Recent marriage stats show huge changes in how we live our lives. Marriage rates at younger ages continue to fall while marriage rates for men over the age of 60 and women over the age of 50 are increasing. More people are also choosing to cohabit either as a precursor to marriage, or instead of it. These changes impact financial planning, so advisers must ensure their clients’ financial plans reflect their current needs and circumstances. If not, families could find themselves under severe financial pressure if one partner dies.
As an example, someone who has recently re-married will need to make sure the expression of wish form for their pension is updated with their new spouse’s details. Otherwise there’s a risk that the person previously named (i.e. the previous spouse) might receive the benefits in error.
This depends on whether the scheme is set up under discretion or direction. If it’s set up on a discretionary basis, scheme trustees have the power to investigate whether the person named on the form is the right person to receive the benefit. However, if the form is set up on a direction basis, the trustees are obliged to pay the benefits to the person named on the form, regardless of whether the deceased had re-married or cohabited with someone else.
In addition, newly married couples should update their wills to reflect their changing circumstances and amend beneficiaries if needed.
Keeping financial plans up to date is also important for couples who choose to cohabit, rather than marry. Contrary to popular opinion there’s no such thing as common law marriage and cohabitees can live together for many years and raise children together, yet find themselves with few rights if one partner dies.
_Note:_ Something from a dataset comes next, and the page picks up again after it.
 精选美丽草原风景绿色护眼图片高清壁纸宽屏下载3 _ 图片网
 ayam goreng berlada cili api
Occupational pension schemes may not have the same death benefit arrangements for cohabiting couples that they do for married people. This puts surviving partners at risk of real financial hardship. In addition, they have no automatic right to inherit property from each other so it’s important that wills are kept up to date to make sure the right person inherits.
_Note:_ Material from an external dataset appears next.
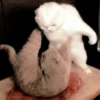 meow 17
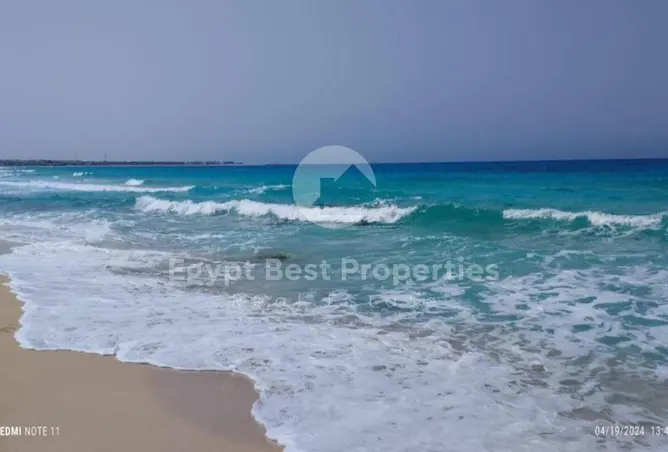 113826053 - صورة العقار 2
This is particularly the case when it comes to property. If the property’s bought on a joint tenancy basis, both partners will own the house and the surviving partner will inherit their deceased partner’s share. However, if the property’s bought under a tenants-in-common arrangement then unless the deceased partner has named their partner in their will,there’s no certainty they’ll inherit that portion of the property. This means they could find themselves owning the property with their partner’s family or children from a previous relationship, which could prove problematic.
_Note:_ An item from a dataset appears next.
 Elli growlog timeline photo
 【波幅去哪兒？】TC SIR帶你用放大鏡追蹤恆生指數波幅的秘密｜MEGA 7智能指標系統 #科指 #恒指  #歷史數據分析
Cohabiting couples also don’t benefit from the same inheritance tax treatment as married couples, so could find themselves facing unexpected tax bills that could run into many thousands of pounds. They’re also unable to benefit from arrangements where married couples can transfer any unused portion of their inheritance tax nil rate band to their spouse.
All of these issues can have serious and long lasting effects on people’s long term finances and it‘s vital that advisers make their clients aware of the importance of keeping their plans up to date.